IBM (NYSE:IBM) reports tonight, Tuesday, January 22nd, 2012 after the closing bell.
The stock performed poorly in 2012, returning 6% during the calendar year, (excluding the dividend), despite what will likely be 14% earnings per share growth on a 2% year-over-year decline in revenues.
IBM got pasted after reporting q3 '12 earnings in mid-October, as the stock fell from $210 to high $180's before starting to base.
The one aspect that caught my eye was that 2012 and 2013 earnings per share estimates have remained relatively stable, and have seen little downward pressure, despite the stock action post the October earnings.
* Source: ThomsonReuters data and internal spreadsheet
In the 3rd quarter, 2012, the 2nd quarter in a row where IBM missed on revenues, operating income also fell 5% but the superior cash-flow and free-cash-flow (NYSE:FCF) generation, allows Big Blue some operational weakness, since the share repurchase program allows EPS to keep growing.
Revenue and EPS estimates have been moving in opposite directions: as forward revenue estimates have been revised lower, earnings per share estimates continue higher.
Accenture (NYSE:ACN) and Oracle (NYSE:ORCL) are thought to be two decent leading indicators of IBM's business, and while Oracle's software business has now had two good quarters in a row, (August '12 and Nov '12) ACN was strong in August '12, but weakened in the December '12 quarter.

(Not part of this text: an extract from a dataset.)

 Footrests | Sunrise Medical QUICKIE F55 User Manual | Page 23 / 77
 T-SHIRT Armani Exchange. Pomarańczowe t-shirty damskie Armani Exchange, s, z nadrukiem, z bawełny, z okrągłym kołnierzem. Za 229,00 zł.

ACN traded down sharply after the December '12 earnings report.
As the above table indicates, if IBM can just meet on the revenue estimates tonight, and maintain their 2013 revenue guidance, then I think the stock will have some upside through the first half of 2013.
Earnings per share growth is not the issue for Big Blue: the share buyback and the prodigious cash-flow generation allows management to meet the earnings per share targets pretty easily.
Current 2013 earnings per share and revenue estimates for Big Blue are for $15.13 and $104.5 billion for expected growth of 0% and 10%.
With Big Blue's longer-term goal of $20 in earnings per share by 2015, I do believe that Street analyst's were expecting more of that $20 EPS goal to be driven by revenue growth. I don't actually think it is a big problem for IBM to meet this $20 EPS goal, since it represents 10% growth per year, most of which can come from the stock repurchase program on its own.
Here is a good article written about IBM's Q4 '12 earnings release, with the primary addition we would make is that 2013 might be more about revenue growth for IBM, than other metrics. (No relation to Brendan.)
To materially drive IBM's share price into 2013, I think Big Blue needs to start growing revenues mid-single digits once again.
Listen for 2013 revenue and margin guidance tonight.